## [Task brief]
Stop at the line containing "Yarrow - AC": repeat exactly every line of the entries below from the first up to it, plus that line, with pictures omitted.

*** Material shown ***

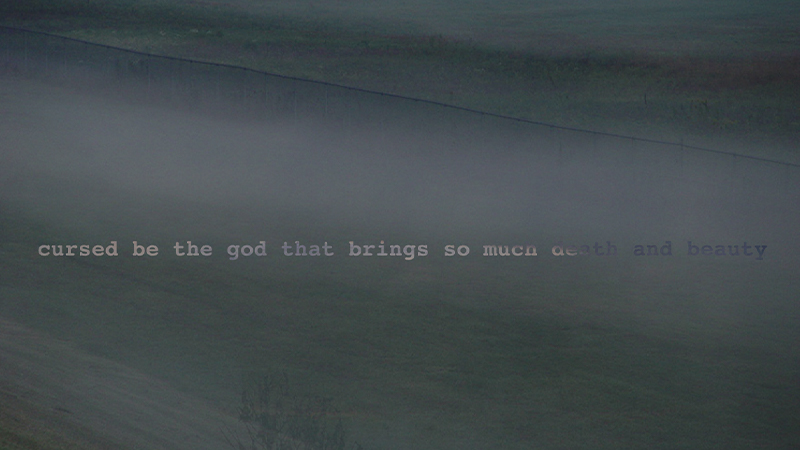 gallery image of Dawn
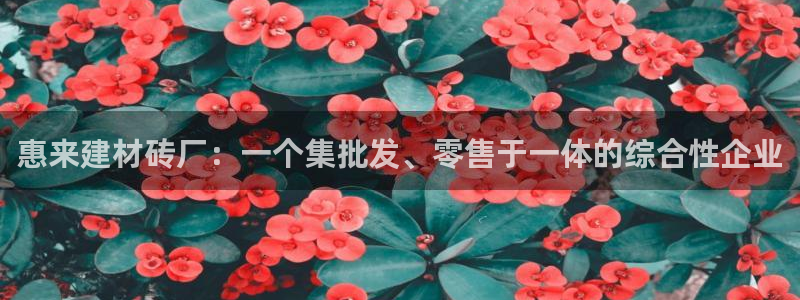 杏鑫平台代理注册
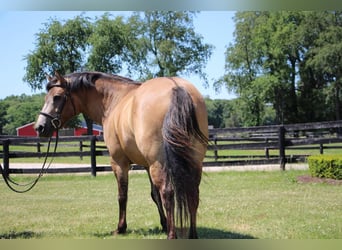 Más ponis/caballos pequeños, Caballo castrado, 8 años, 135 cm, Buckskin/Bayo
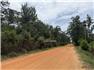 34.5 Acre Farm Chipley Florida for Sale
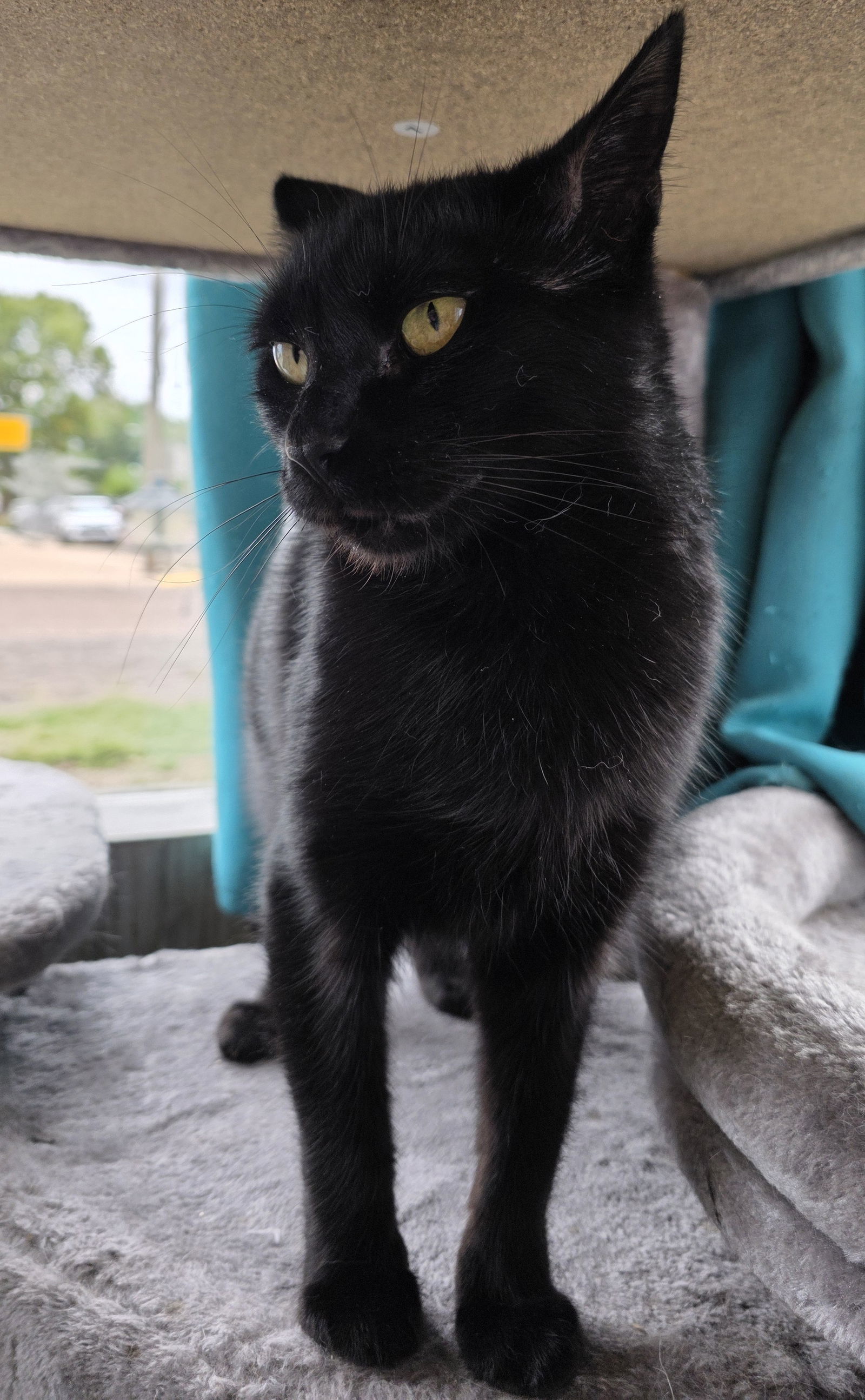 Yarrow - AC Kitty!, an adoptable Domestic Short Hair in Laramie, WY, 82073 | Photo Image 3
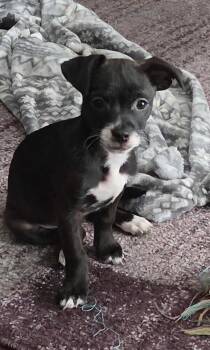 Zoe -  Poodle and Chihuahua Dog for Adoption in New Braunfels, Texas - Zoe | PetCurious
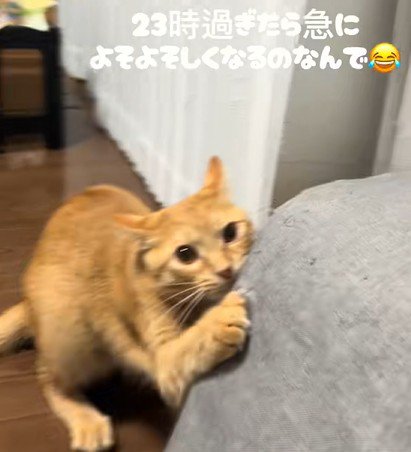 爪を立てて飛びつく猫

*** End of Material shown ***

## [Solution]
 gallery image of Dawn
 杏鑫平台代理注册
 Más ponis/caballos pequeños, Caballo castrado, 8 años, 135 cm, Buckskin/Bayo
 34.5 Acre Farm Chipley Florida for Sale
 Yarrow - AC Kitty!, an adoptable Domestic Short Hair in Laramie, WY, 82073 | Photo Image 3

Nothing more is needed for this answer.